The gap reflects the work the driver and GPU have to do to set up a new kernel. It's independent of any synchronization between kernels.

CUDA 10 introduced a new mechanism that can precompute some of that work to reduce the overhead. See https://developer.nvidia.com/blog/cuda-graphs. Some day when we move to CUDA 10 as our minimum supported version I hope to be able to make use of it. But there's no similar mechanism in OpenCL.

ThWuensche commented 4 years ago

According to documentation in out-of-order execution kernels should run in parallel, so the next kernel might already be set up and started while the previous is still running, thus closing/avoiding that gap. But I tried and on my platform it does not seem to work, kernels are not started in parallel, but one after the other :(.

bdenhollander commented 4 years ago

@ThWuensche Your trace has a significant amount of time in findBlocksWithInteractions. Can you try changing 32 to 64 in findInteractingBlocks.cl to check if performance is better or worse?

#if SIMD_WIDTH <= 32

ThWuensche commented 4 years ago

That makes it spend even more time there. And more of a question, also the time in computeNonbonded is increasing. How could that be related to the blocksize in another kernel, should not have influence on the data? Probably worth to analyze, will see whether I'll understand what's going on. Does that buffer size have influence on the actual data, like more data to be computed in computeNonbonded?

Then in that kernel a lot is fixed on "32", also things depending on local_index. That probably lets two "warps" go into a "wavefront".

grafik

bdenhollander commented 4 years ago

That makes it spend even more time there. And more of a question, also the time in computeNonbonded is increasing. How could that be related to the blocksize in another kernel, should not have influence on the data? Probably worth to analyze, will see whether I'll understand what's going on. Does that buffer size have influence on the actual data, like more data to be computed in computeNonbonded?

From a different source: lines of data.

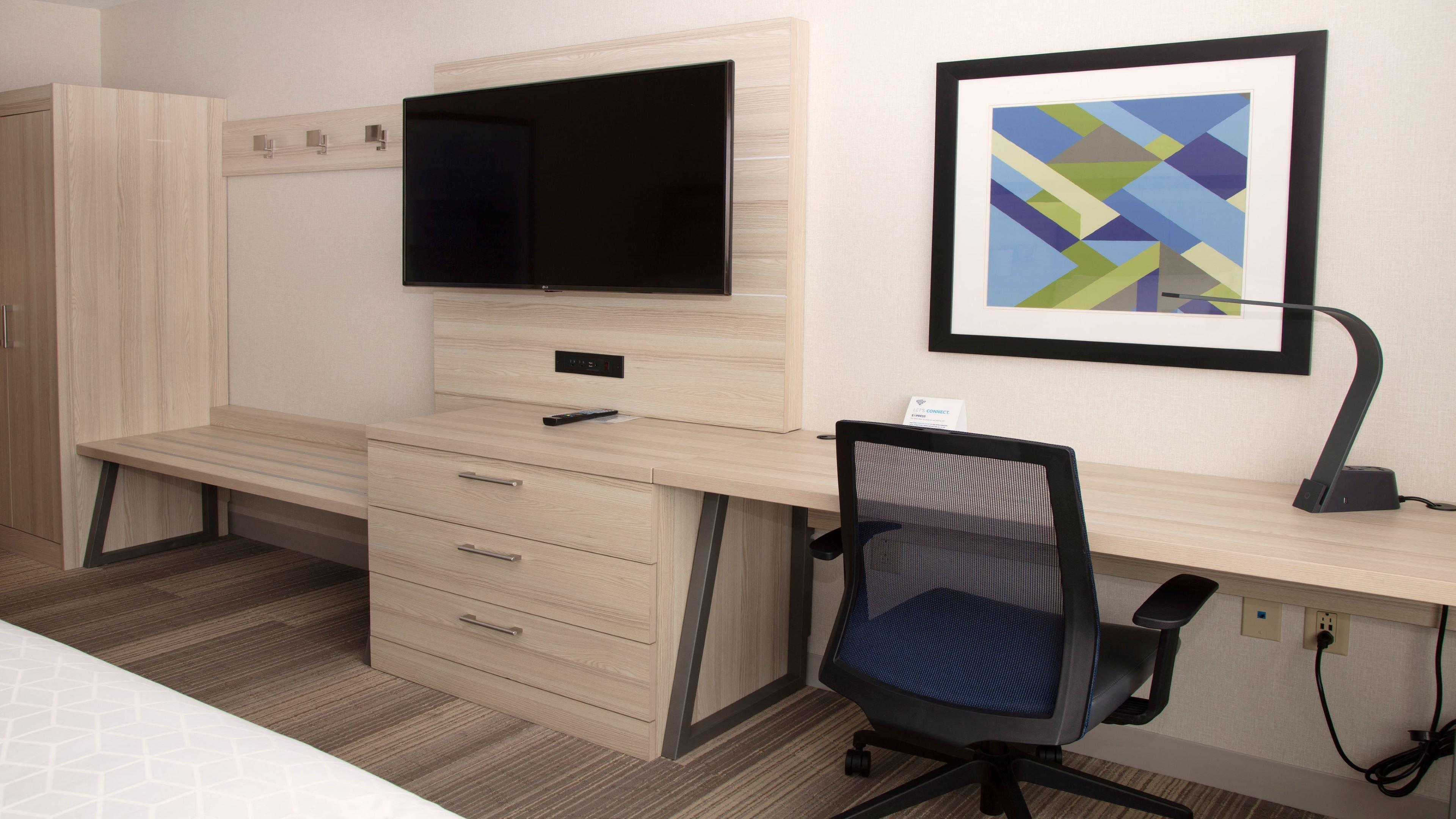 Holiday Inn Express & Suites - Marion By Ihg Luaran gambar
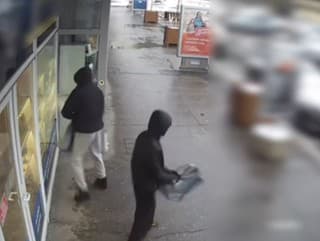 Vandali v Dunajskej Strede!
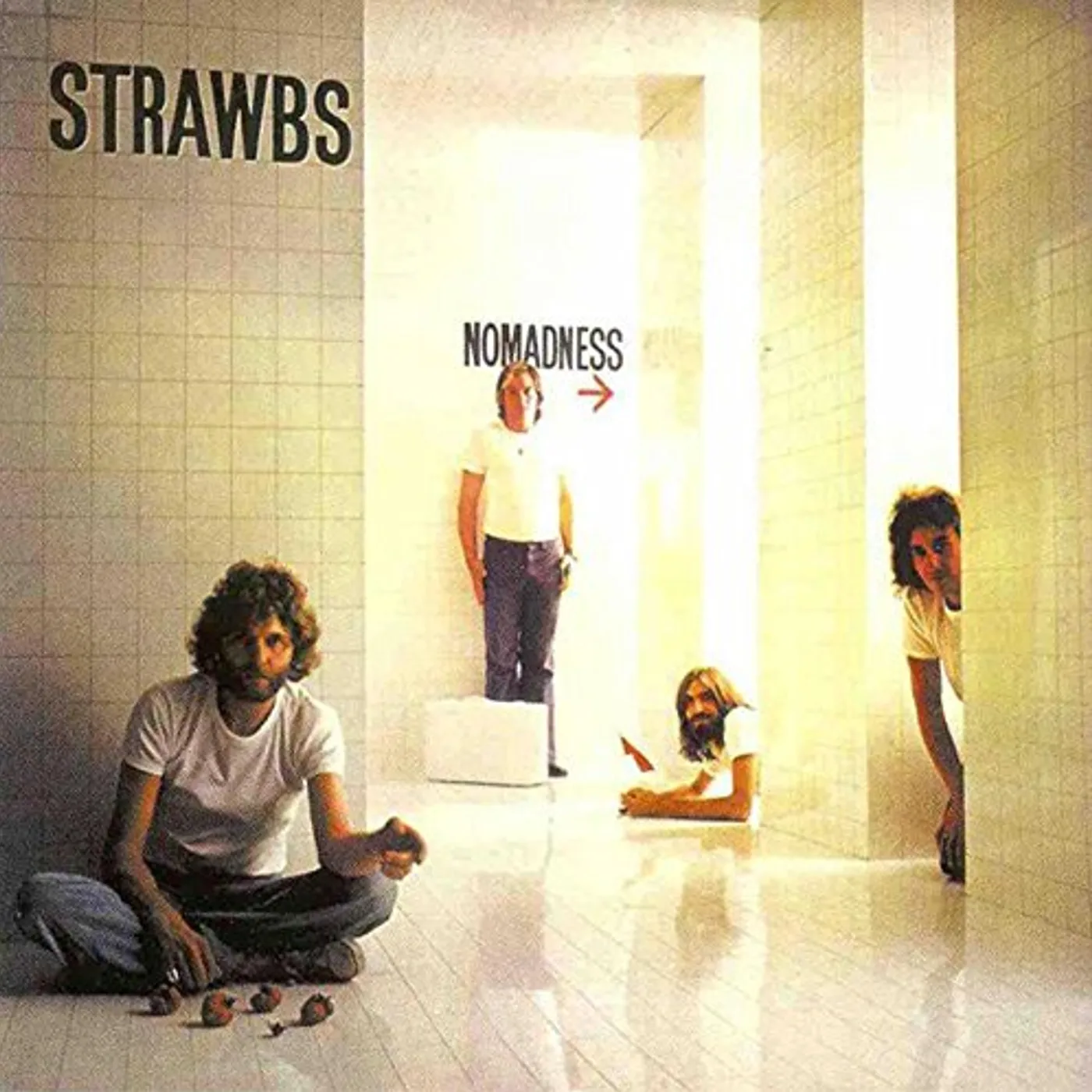 Strawbs NOMADNESS (LIMITED/SHM/MINI LP JACKET/REMASTER) CD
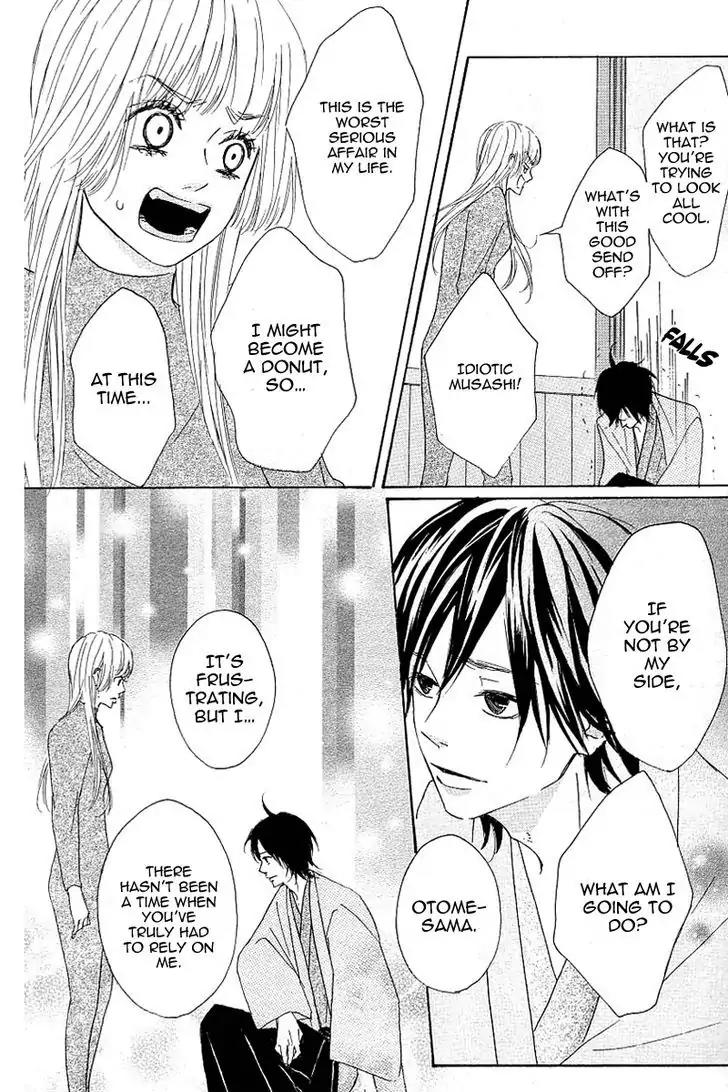 Yotteke! Otoko Mura Chapter 4 page 10 - Chapter 4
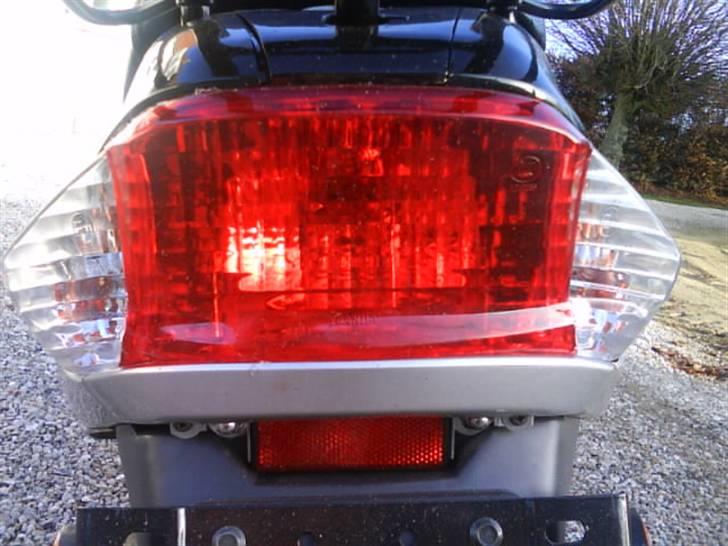 Baotian BT49QT-9 billede 4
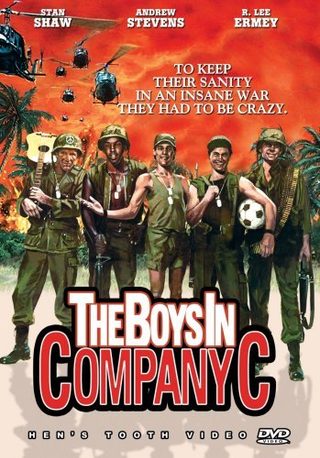 The Boys in Company C still 2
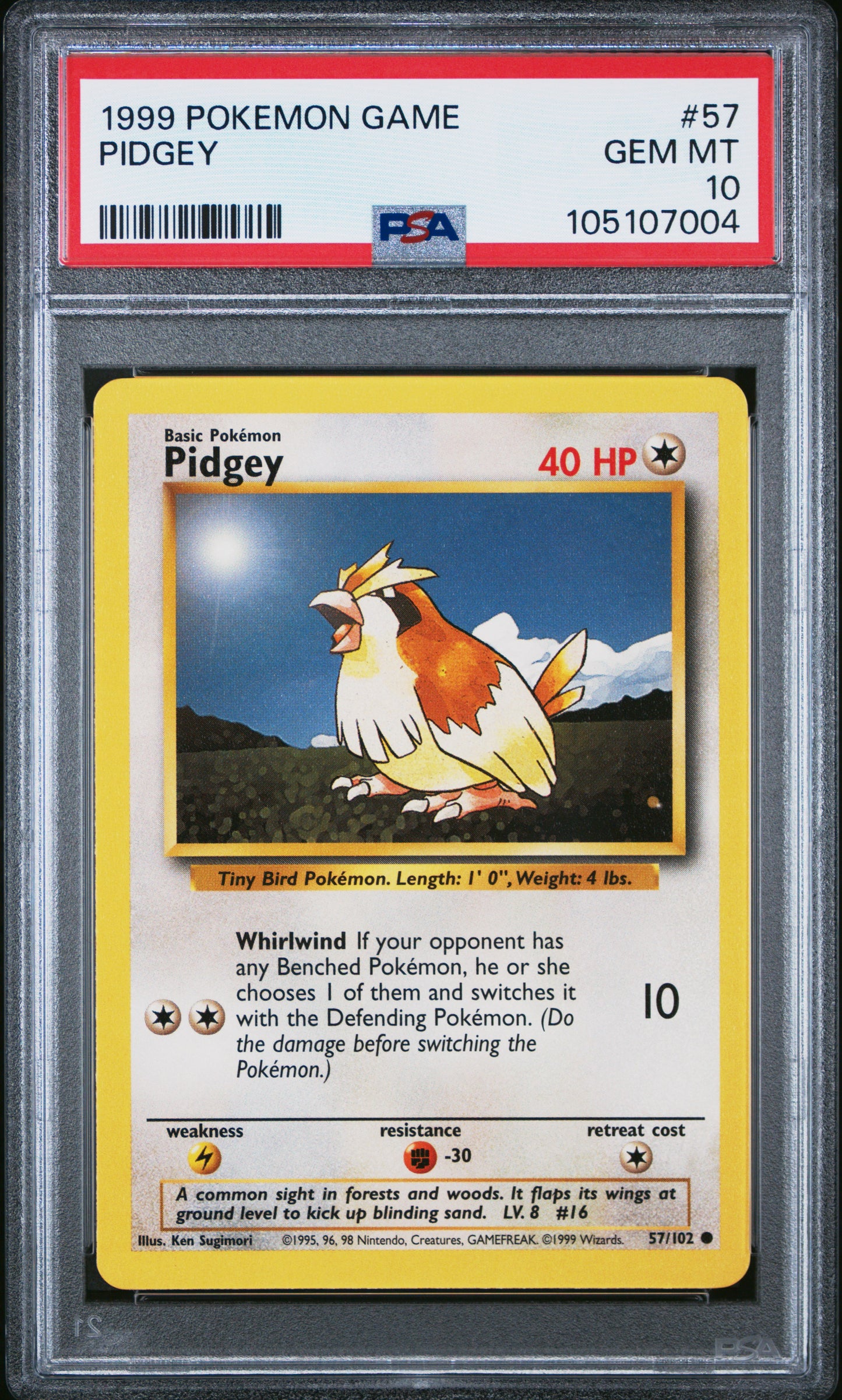 PIDGEY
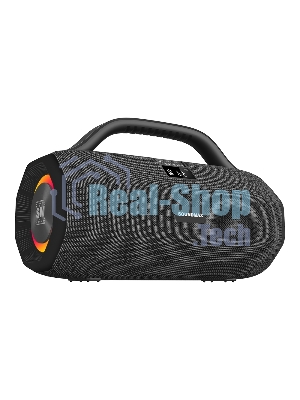 Портативная колонка SOUNDMAX SM-PS5033B серый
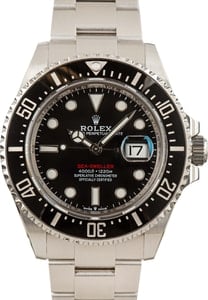 Rolex Sea-Dweller 126600 Stainless Steel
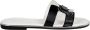 Liu Jo Slipper-stijl Sandalen met Origineel Ontwerp Black Dames - Thumbnail 3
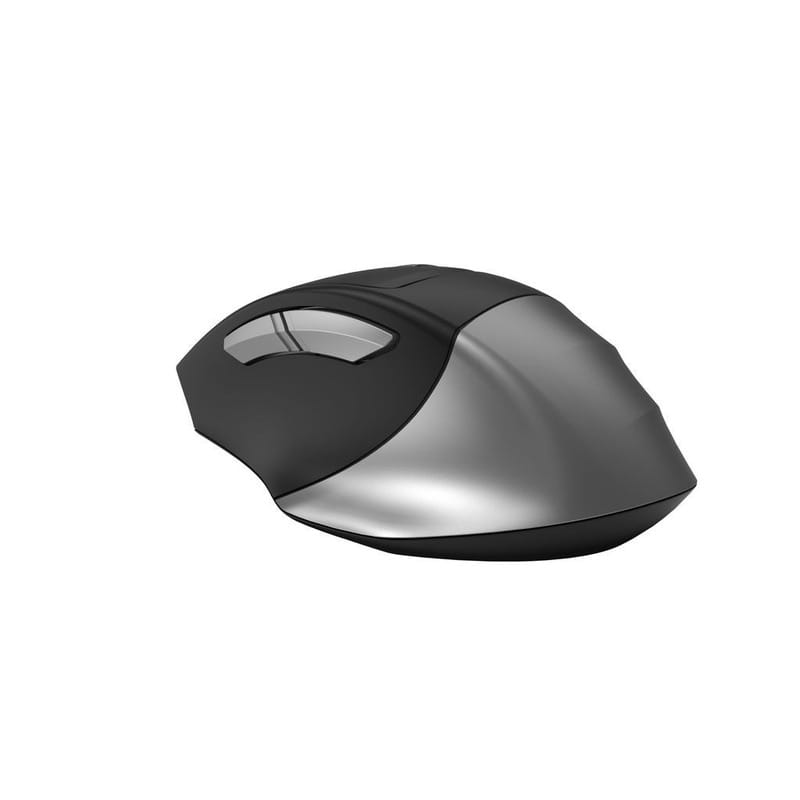 Миша бездротова A4Tech FG35S Grey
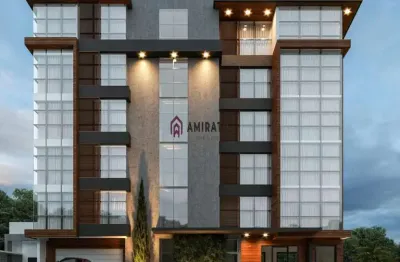 Apartamento 2 dormitórios em construção com churrasqueira em são luiz, farroupilha - venda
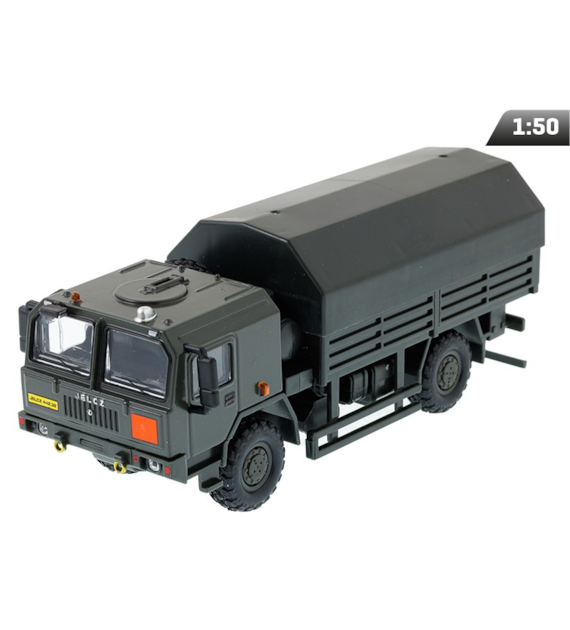 Model 1:43, Jelcz 442.32 Military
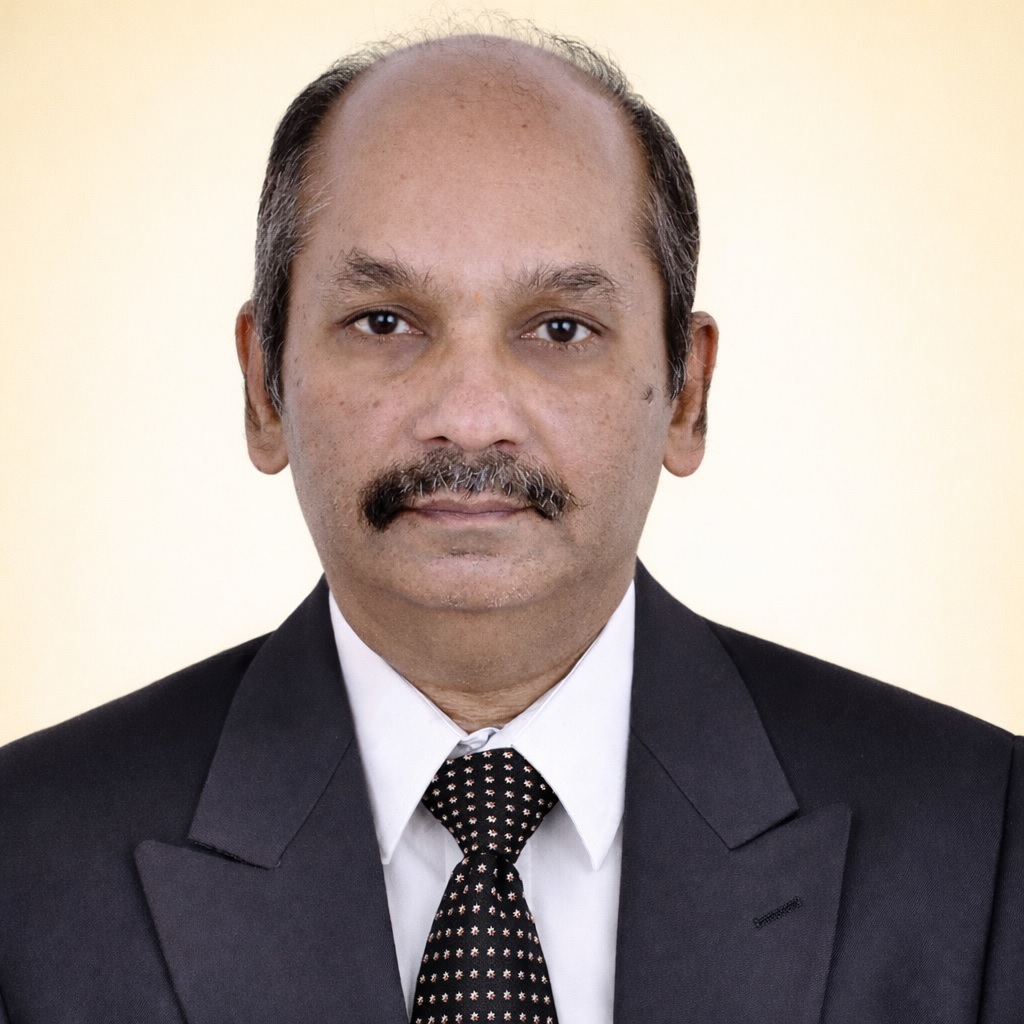 Mr. Rajeshh Rajan - Numerologist & Strategic Consultant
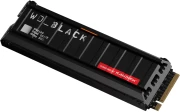 WD_BLACK SN8100 HeatSink PCIe 5.0 - 2TB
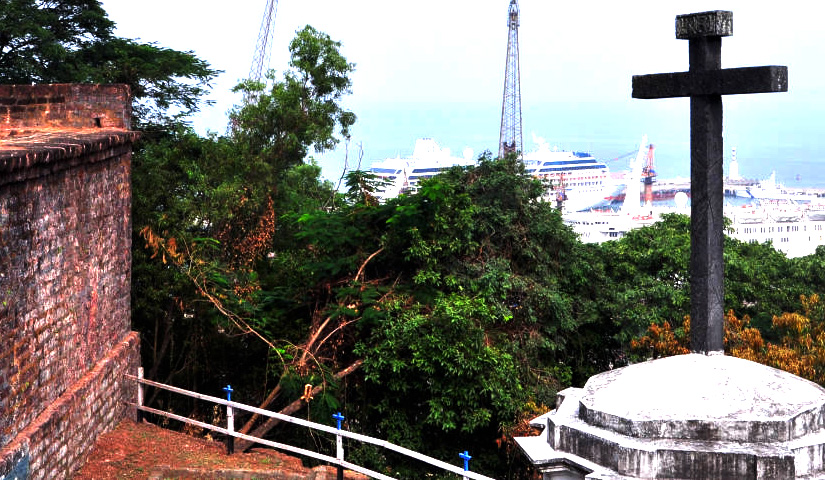 Mormugao Fort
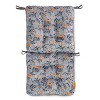 Vera Bradley 21"x19" Outdoor Patio Chair Cushion - 3 of 4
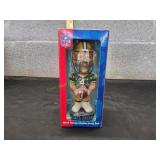 Brett Farve Green Bay Packers Bobblehead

Changing the if makes GCN use the same code path as NVIDIA and Navi. I wanted to confirm that the comments around L277 are still accurate for wide GCN GPUs.

Buffer size might be optimized to fit within local memory for NVIDIA, which is larger than GCN.

CL_DEVICE_LOCAL_MEM_SIZE
AMD GCN: 32KB
NVIDIA: 48KB
AMD Navi: 64KB

ThWuensche commented 4 years ago

Just saw that when I looked into the code. It's not only size of that buffer, but selects a completely different implementation.

But why does that have influence on computeNonbonded?

Regarding the local memory LDS (local data share) on my version of GCN should be 64KB, don't know whether it was less on older GCN versions.

ThWuensche commented 4 years ago

The other question is why these calculations (findBlocksWithInteractions and computeNonbonded) take more time for lower atom counts than for higher atom counts.

bdenhollander commented 4 years ago

But why does that have influence on computeNonbonded?

I don't know enough about what's happening internally to know whether the kernels are stalling each other or the results of the two algorithms are slightly different because of things like repeated multiplications or partial sums.

Regarding the local memory LDS (local data share) on my version of GCN should be 64KB, don't know whether it was less on older GCN versions.

CompuBench reports 32KB for Radeon VII. RX 460 (GCN 4.0) and Spectre R7 Graphcis APU (GCN 2.0) have 32KB as well.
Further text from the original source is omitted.